* **Goal of the exercise**
What you write must match, character for character, the lines from the one with "5 perfumes refrescantes" down to the one with "White/Arctic Fox Running Shoe D71355" in the listing below, minus its pictures.

* **Input**
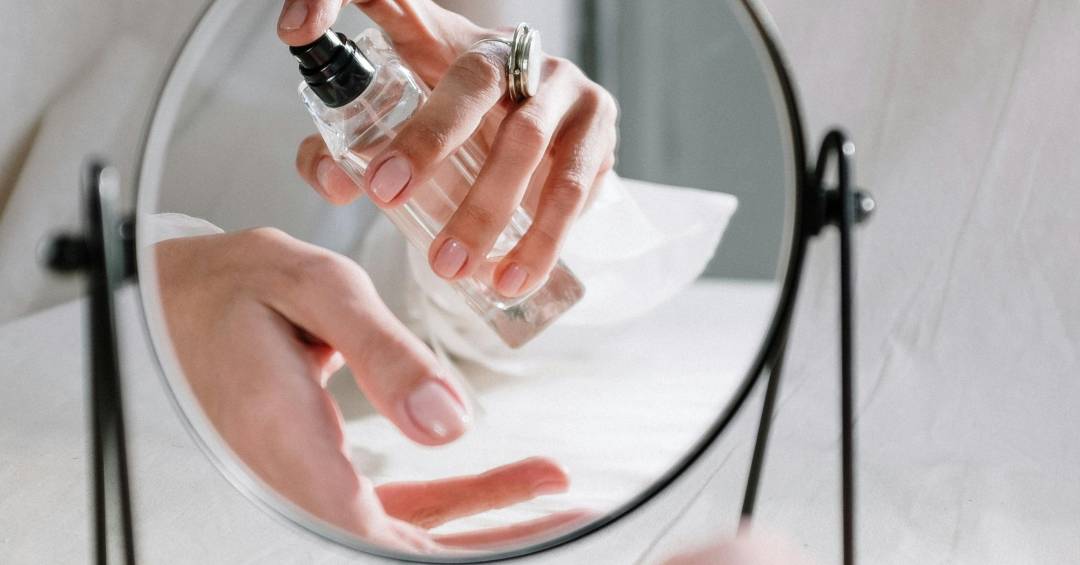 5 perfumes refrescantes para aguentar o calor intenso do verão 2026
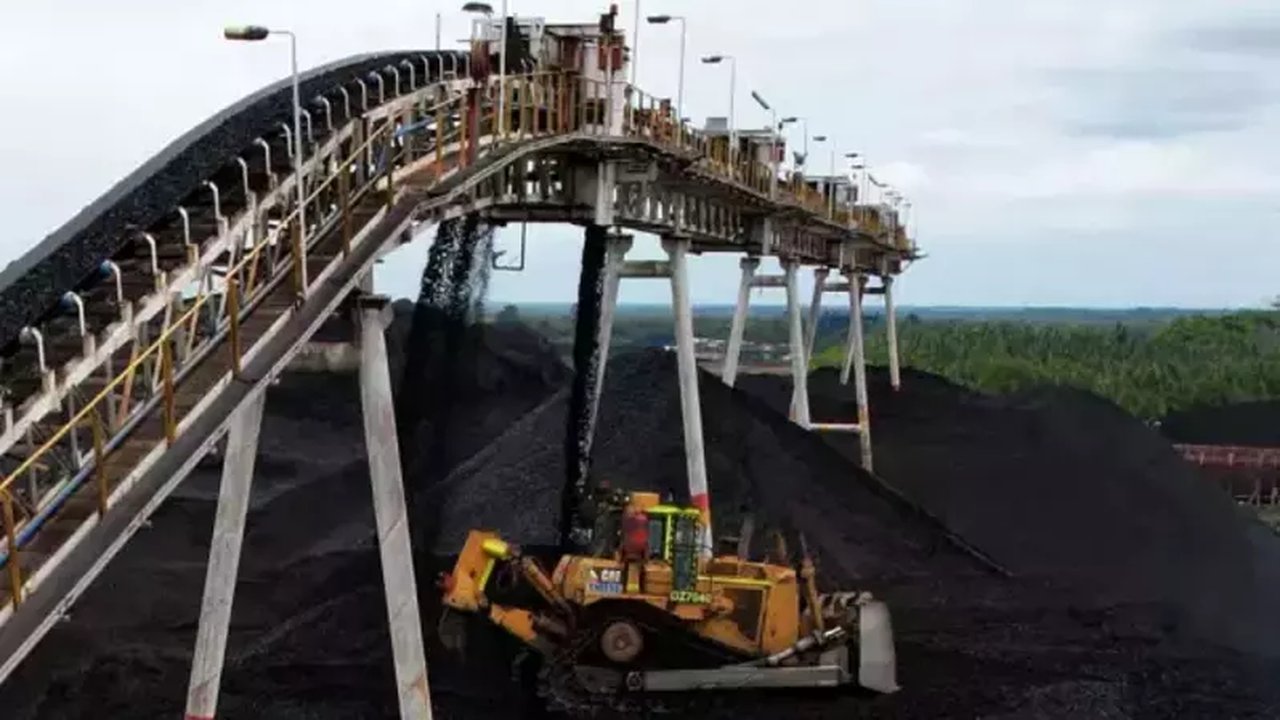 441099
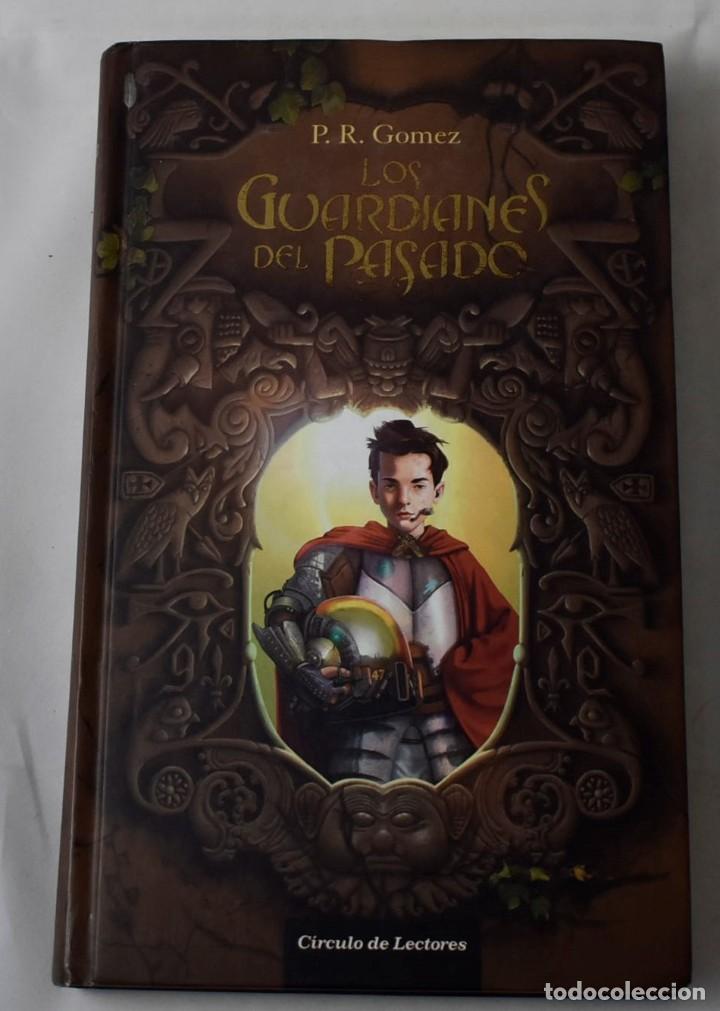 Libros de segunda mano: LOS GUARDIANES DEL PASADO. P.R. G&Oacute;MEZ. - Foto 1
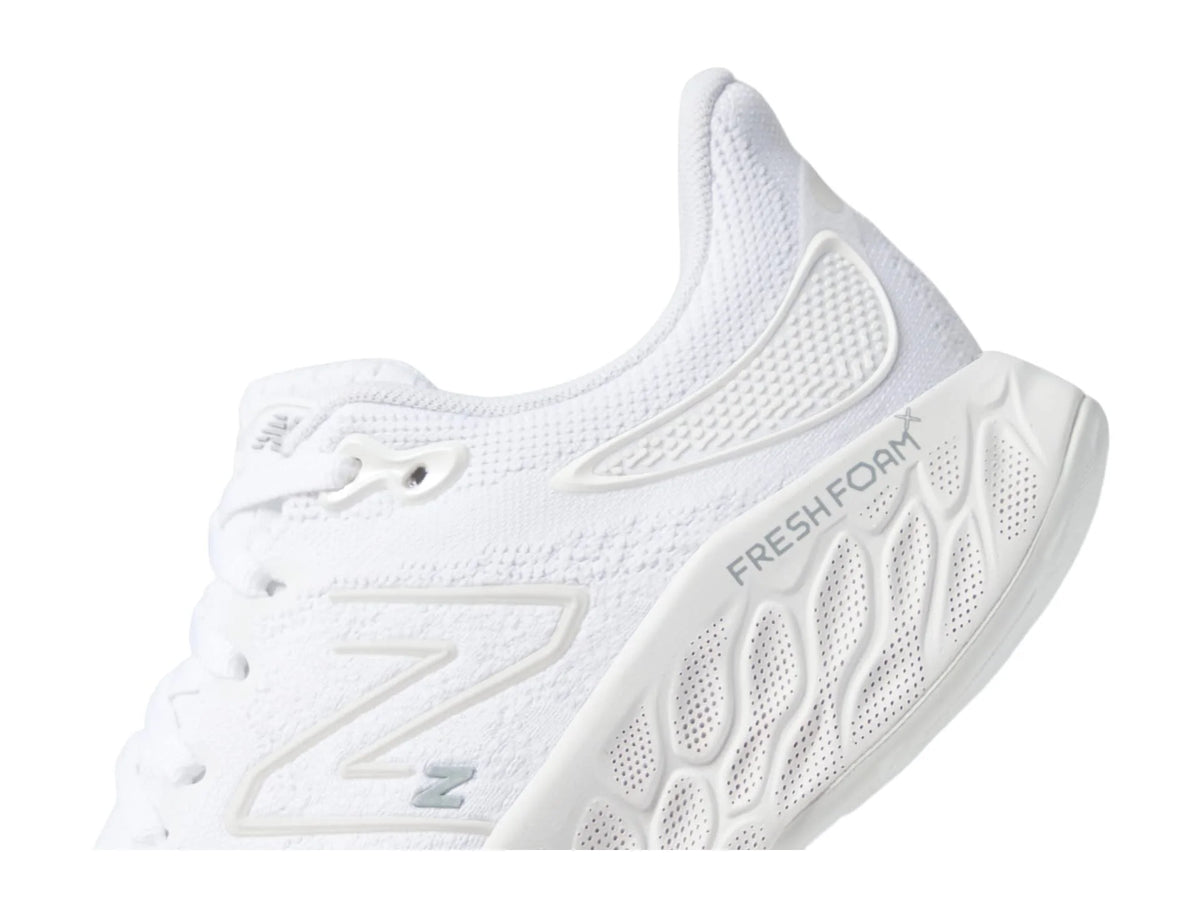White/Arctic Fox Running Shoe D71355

==

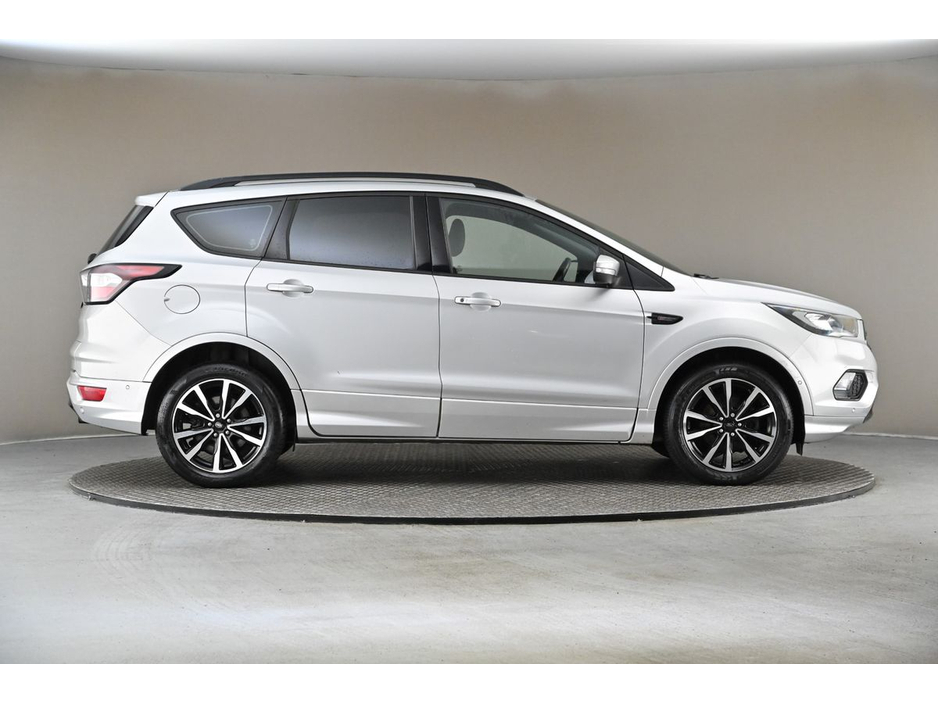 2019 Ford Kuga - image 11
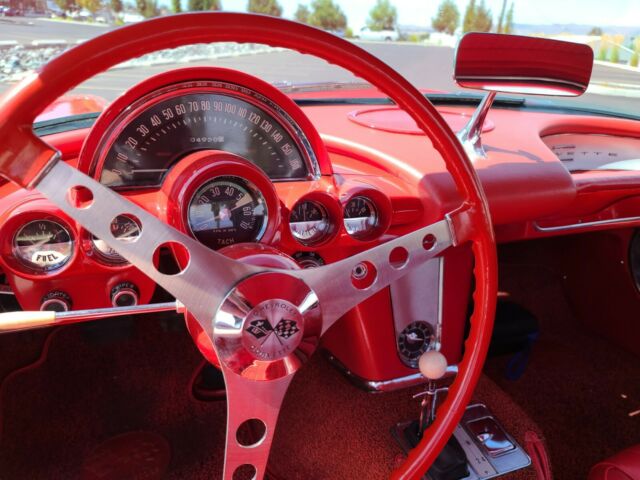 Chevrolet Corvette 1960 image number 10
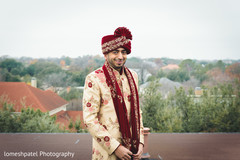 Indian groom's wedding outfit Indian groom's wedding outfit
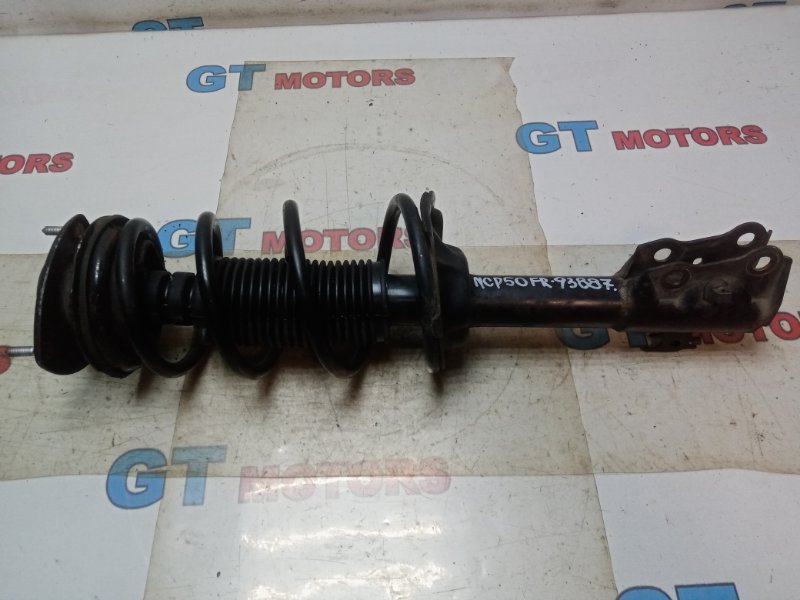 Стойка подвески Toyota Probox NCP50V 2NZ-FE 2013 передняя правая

---

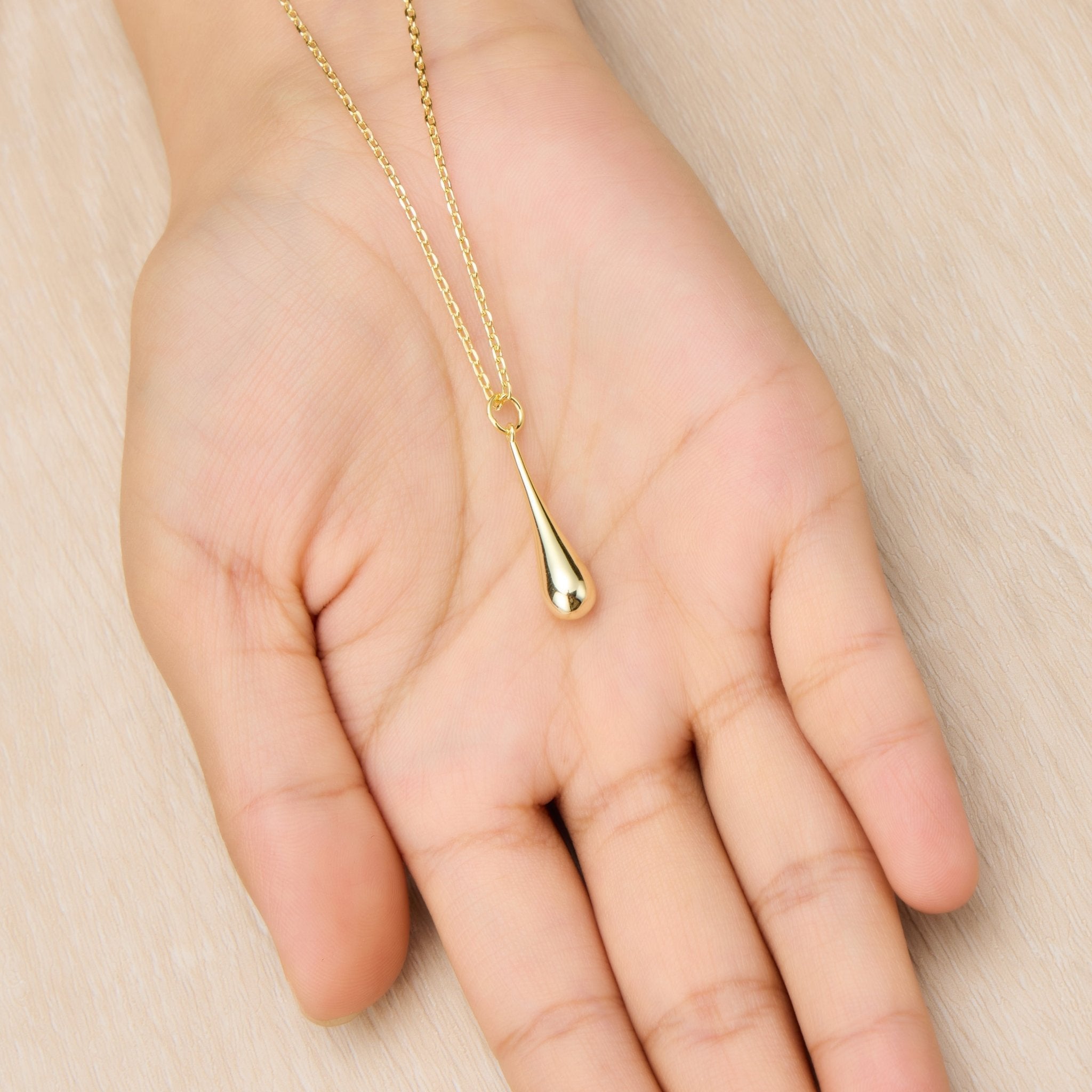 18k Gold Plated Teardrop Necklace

* **Solution**
 5 perfumes refrescantes para aguentar o calor intenso do verão 2026
 441099
 Libros de segunda mano: LOS GUARDIANES DEL PASADO. P.R. G&Oacute;MEZ. - Foto 1
White/Arctic Fox Running Shoe D71355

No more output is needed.